I wanted to be a writer since I can remember remembering. My mother read me Stevenson’s A Child’s Garden of Verses and for reasons unknown to me, it influenced my intellect immediately and my poetic ear years later. In 3rd grade, our teacher Mrs. Eleazer asked us to write a poem. I wrote mine about a haunted house. She sent it to the newspaper and it was published. A small taste of accomplishment stayed with me, the sense of it, really. It felt nice. I had won an essay contest in first grade, so being rewarded at an early age probably had a serious impact. Otherwise, I was a shy, difficult child.

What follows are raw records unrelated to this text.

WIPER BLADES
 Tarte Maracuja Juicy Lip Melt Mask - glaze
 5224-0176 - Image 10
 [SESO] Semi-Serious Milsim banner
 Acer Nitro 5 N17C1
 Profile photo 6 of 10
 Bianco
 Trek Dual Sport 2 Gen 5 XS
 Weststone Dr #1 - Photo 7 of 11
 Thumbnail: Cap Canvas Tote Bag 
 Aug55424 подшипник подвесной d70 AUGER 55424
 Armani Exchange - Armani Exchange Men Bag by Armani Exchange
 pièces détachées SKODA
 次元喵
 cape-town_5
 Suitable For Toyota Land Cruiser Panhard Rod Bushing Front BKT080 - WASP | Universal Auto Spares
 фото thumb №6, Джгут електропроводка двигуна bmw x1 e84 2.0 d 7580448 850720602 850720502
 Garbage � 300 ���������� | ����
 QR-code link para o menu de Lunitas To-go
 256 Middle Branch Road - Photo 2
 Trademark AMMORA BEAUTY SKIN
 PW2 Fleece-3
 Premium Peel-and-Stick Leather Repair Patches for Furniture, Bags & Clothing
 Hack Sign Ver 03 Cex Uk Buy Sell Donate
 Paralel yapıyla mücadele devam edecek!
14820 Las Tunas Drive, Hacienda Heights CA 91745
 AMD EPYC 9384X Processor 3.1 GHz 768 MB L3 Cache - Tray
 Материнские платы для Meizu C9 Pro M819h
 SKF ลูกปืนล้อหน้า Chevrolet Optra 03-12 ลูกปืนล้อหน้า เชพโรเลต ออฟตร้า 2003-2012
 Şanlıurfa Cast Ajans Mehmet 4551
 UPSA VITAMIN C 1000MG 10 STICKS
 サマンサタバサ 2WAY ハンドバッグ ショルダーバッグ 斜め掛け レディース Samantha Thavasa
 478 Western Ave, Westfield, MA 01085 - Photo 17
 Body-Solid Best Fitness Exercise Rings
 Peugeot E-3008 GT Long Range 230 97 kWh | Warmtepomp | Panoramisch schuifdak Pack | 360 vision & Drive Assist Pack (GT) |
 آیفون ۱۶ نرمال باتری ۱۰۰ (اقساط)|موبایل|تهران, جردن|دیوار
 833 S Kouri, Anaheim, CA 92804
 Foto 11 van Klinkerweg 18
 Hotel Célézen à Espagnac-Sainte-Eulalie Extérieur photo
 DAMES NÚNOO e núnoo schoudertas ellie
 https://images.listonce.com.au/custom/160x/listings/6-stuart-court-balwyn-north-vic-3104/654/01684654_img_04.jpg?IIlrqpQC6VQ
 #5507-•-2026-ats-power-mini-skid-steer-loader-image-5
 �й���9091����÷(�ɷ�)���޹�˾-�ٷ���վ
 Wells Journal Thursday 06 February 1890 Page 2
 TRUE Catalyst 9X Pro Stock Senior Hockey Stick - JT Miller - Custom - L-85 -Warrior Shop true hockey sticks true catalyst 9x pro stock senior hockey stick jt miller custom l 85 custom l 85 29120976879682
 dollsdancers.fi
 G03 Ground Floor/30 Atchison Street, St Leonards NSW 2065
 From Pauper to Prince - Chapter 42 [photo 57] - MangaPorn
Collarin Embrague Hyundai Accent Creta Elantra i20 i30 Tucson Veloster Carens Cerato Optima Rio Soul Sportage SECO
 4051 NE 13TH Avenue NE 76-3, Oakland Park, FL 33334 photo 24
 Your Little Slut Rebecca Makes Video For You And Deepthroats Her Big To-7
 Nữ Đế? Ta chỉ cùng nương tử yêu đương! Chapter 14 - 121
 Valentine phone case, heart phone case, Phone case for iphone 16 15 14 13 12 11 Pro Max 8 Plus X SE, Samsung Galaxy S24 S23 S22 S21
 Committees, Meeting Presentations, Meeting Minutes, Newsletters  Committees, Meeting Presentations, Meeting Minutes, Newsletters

I wrote poetry from that point on. By high school, I was sending work to The Atlantic and other magazines who were merciful enough to stuff the rejection slip into an envelope and return it to me. I continued to write poetry. I also continued to read poetry and just about any other printed page I could get my hands on. I thought a lot about it, and I think I read so much because I am just plain curious.

When a person tells me she or he writes poetry, I ask, “What poets do you like to read?” If the person doesn’t immediately, with enthusiasm, name several poets he or she adores, I’m sad. This diminishes the idea of their work immediately, at least as far as I am concerned. I am sorry to say this. But it is true and to offer you anything but the truth about poetry as I know it would be unfair. So if you don’t read poetry, lots of poetry or at least a few poets in depth and volume, I can tell you I probably will not enjoy your work. But it’s not your fault, it’s my mindset. Your mother or spouse may praise your poems, however, and that is fine by me.

I have often said we poets take ourselves too seriously. We don’t, as I like to remind people in workshops, perform brain surgery. But we do aim at performing a sort of intellectual surgery, or spiritual (or both), and thus we must exercise great care in what we do with a poem. Otherwise we are dangerous to ourselves, like a blindfolded person behind the wheel of a car on I-95 in Labor Day traffic.

So my first recommendations to a poet wanting to publish rest on simple suggestions. Read poetry, a lot of it. Read about poetry, in magazines, on literary Net sites, in books. Equally important is that you must live as fully as your spirit will permit. Be curious. Nurture your intellect and your imagination. Pick a holy book and read it. This way, you will have something to write about and you will have an idea how the masters wrote about it, because there is virtually no new subject matter in poetry.

Work.

Stay tuned for Pt. 2.

6 comments:

Rachel Dacus said...

Kay --

What a wonderful suggestion. I have to give a short workshop talk in a couple of weeks on "publishing your poetry" -- an assigned topic, ugh! -- and I'm going to quote you on first finding poets you love to read. Wisdom that will carry the new poet far.

Rachel

Kay Day said...

Rachel,
I'm doing this in hopes of helping those who email me and saving myself some time. It's amazing, the number of emails I get, and they all ask the same thing. I hear this question a lot in workshops. So I figure if I do a series and put it here, I can at least direct a newbie to some information.

By the way, I'm enjoying your book so far--one of my favorites is "Ocean House." Love the cover.

Best to you,Kay

Patty said...

Great advice!

I had a hard time getting my workshop students to do the reading side of the equation. I tried to get around their reluctance to read by reading tons of poetry in class, and making them post one poem by a poet other than themselves on the class blog.

Patty said...

Just ordered Killing Earl from Ocean. I can't wait to read it.

Kay Day said...

Patty, Thanks so much for your comments. I guess I don't see how you can write if you don't read, but I run into that a lot.

Thank you for purchasing my book as well. It was a book I had to write but I confess it's a lot more fun taking poetry on the road than nonfiction. Poetry has this holy thing going for it.